Published on Monday, August 2, 2004 by the Arab News

Can’t Bush and Blair See Iraq Is About to Explode?

by Robert Fisk

BAGHDAD - The war is a fraud. I’m not talking about the weapons of mass destruction that didn’t exist. Nor the links between Saddam Hussein and Al-Qaeda which didn’t exist. Nor all the other lies upon which we went to war. I’m talking about the new lies.

For just as, before the war, our governments warned us of threats that did not exist, now they hide from us the threats that do exist. Much of Iraq has fallen outside the control of America’s puppet government in Baghdad but we are not told. Hundreds of attacks are made against US troops every month. But unless an American dies, we are not told. This month’s death toll of Iraqis in Baghdad alone has now reached 700 — the worst month since the invasion ended. But we are not told.

The stage management of this catastrophe in Iraq was all too evident at Saddam Hussein’s “trial”. Not only did the US military censor the tapes of the event. Not only did they effectively delete all sound of the 11 other defendants. But the Americans led Saddam Hussein to believe — until he reached the courtroom — that he was on his way to his execution. Indeed, when he entered the room he believed that the judge was there to condemn him to death. This, after all, was the way Saddam ran his own state security courts. No wonder he initially looked “disorientated” — CNN’s helpful description — because, of course, he was meant to look that way. We had made sure of that. Which is why Saddam asked Judge Juhi: “Are you a lawyer? ... Is this a trial?” And swiftly, as he realized that this really was an initial court hearing — not a preliminary to his own hanging — he quickly adopted an attitude of belligerence. But don’t think we’re going to learn much more about Saddam’s future court appearances. Salem Chalabi, the brother of convicted fraudster Ahmad and the man entrusted by the Americans with the tribunal, told the Iraqi press two weeks ago that all media would be excluded from future court hearings. And I can see why. Because if Saddam does a Milosevic, he’ll want to talk about the real intelligence and military connections of his regime — which were primarily with the United States.

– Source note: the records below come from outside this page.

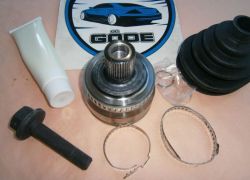 Homokinetický kĺb vonkajší Audi A4 + A6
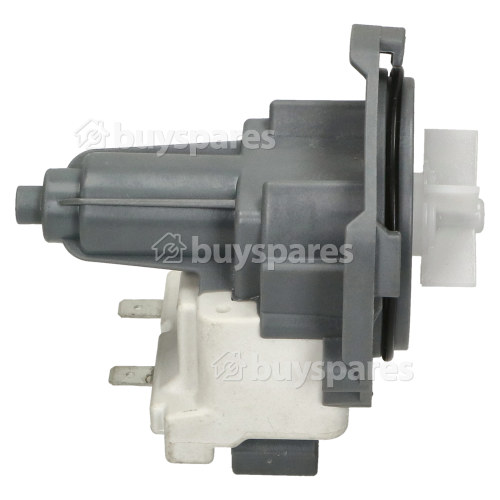 Pompe De Vidange Pour Lave-vaisselle (avec Partie Supérieure Inclinée) : Hanyu B12-6A01 9019807 0. 3A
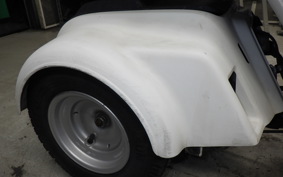 HONDA GYRO CANOPY 2026 TA03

Living in Iraq these past few weeks is a weird as well as dangerous experience. I drive down to Najaf. Highway 8 is one of the worst in Iraq. Westerners are murdered there. It is littered with burnt-out police vehicles and American trucks. Every police post for 70 miles has been abandoned. Yet a few hours later, I am sitting in my room in Baghdad watching British Prime Minister Tony Blair, grinning in the House of Commons as if he is the hero of a school debating competition; so much for the Butler report.


..more..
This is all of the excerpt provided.